→ Your objective
Exactly the lines below, starting with the one containing "индика Новодвинск" and going on through the one containing "Image 5 of Frank the Sea Turtle", must be reproduced, both ends included, and no pictures with them.

→ Data extract
========================================

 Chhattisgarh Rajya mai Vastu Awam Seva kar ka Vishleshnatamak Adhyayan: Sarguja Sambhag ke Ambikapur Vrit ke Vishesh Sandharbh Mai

========================================

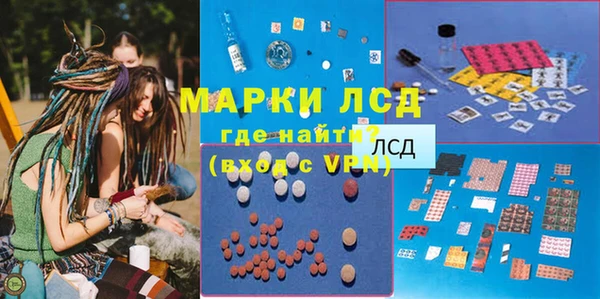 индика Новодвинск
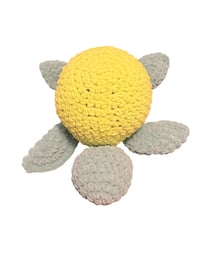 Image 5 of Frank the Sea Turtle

========================================

→ Output
 индика Новодвинск
 Image 5 of Frank the Sea Turtle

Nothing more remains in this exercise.